The solution was to move the tubes out of the wall by moving the wall eighteen inches in front of the tubes. This would still provide the cooling needed and eliminate the dew point therefore, removing the means to create acid.
There was Never Another Wall Tube Failure for the Remaining Three Years I Worked in that Facility.
The elimination of the failure mechanism eliminated the need for unexpected repairs as many as eight times a year saving the company over six million dollars of unnecessary repair expense that went straight to the bottom-line. The uptime increased significantly and was stable, allowing more predictable production performance.
Can Managers Afford NOT to Thoroughly Understand the Potential of Effective RCA?
When management considers whether to purchase Root Cause Analysis (RCA) during these times, we can immediately see this would normally be viewed as not “necessary” by those who typically review the budget for cost cutting purposes. This is often because the reviewer likely does not understand what RCA is, and as a result, they group it into a commodity category as either ‘Training’ and/or ‘Software’. Once viewed as an unnecessary commodity, it dies in the review process.
There is no rocket science behind the calculation that determines margin: revenue – expenses = profit/(loss). In good times when we can sell whatever we offer, we control margin on the revenue side by finding ways to produce more product with the same fixed assets. In bad times when we cannot sell what we are capable of making, we control margin by cutting expenses.
However, unexpected expenses arise from unexpected failures. In many budgets we account for these unexpected failures, to a certain degree, by embedding them in ambiguous categories on the financials under ‘General’, ‘Routine’ and ‘Other’. These are essentially slush funds to cover unexpected occurrences.
As we mentioned earlier, those that remain after we reduce head count are more prone to commit human error. This leads to increased unexpected failures which in turn add unexpected costs to the short-term financials.
More sophisticated and complex working environments understand that RCA (when used properly) is not a commodity at all, but rather a necessity to fight this cycle. This is a basic principle of Reliability Engineering. A good RCA system (not just a task) will provide an organization the methodology and tools to proactively identify the Significant Few failures.

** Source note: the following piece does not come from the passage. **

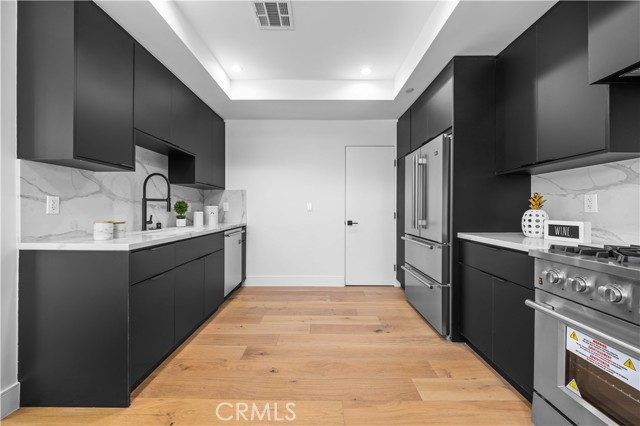 MLS #WS25167263 image #9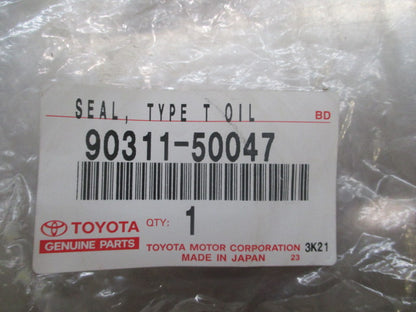 Toyota Camry-Corolla-Rav4 Genuine Left Hand Front Shaft Oil Seal New Part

These are the 20% or Less of the Failure Events Costing an Organization 80% or More of their Losses.
If we view RCA as an expense, we will not identify these opportunities, and they shall remain buried in the rubble of the financial reports. Opportunities remain spread across numerous financial categories, and unless situations are corrected, those departments will continue to absorb these costs masked under categories such as “routine” (unexpected costs).
If we view RCA as an investment, we will use the creativity and innovation of our employees to root out these opportunities, properly analyze them and prevent them from happening again. Overworked and understaffed organizations will be relieved of the burden of having to address unnecessary failures. Perhaps, the most important realization would be the true impact to the bottom-line financials due to the drastic reduction of unexpected failures. These significant cost reductions are but a fraction of what any RCA training or software investments would initially cost.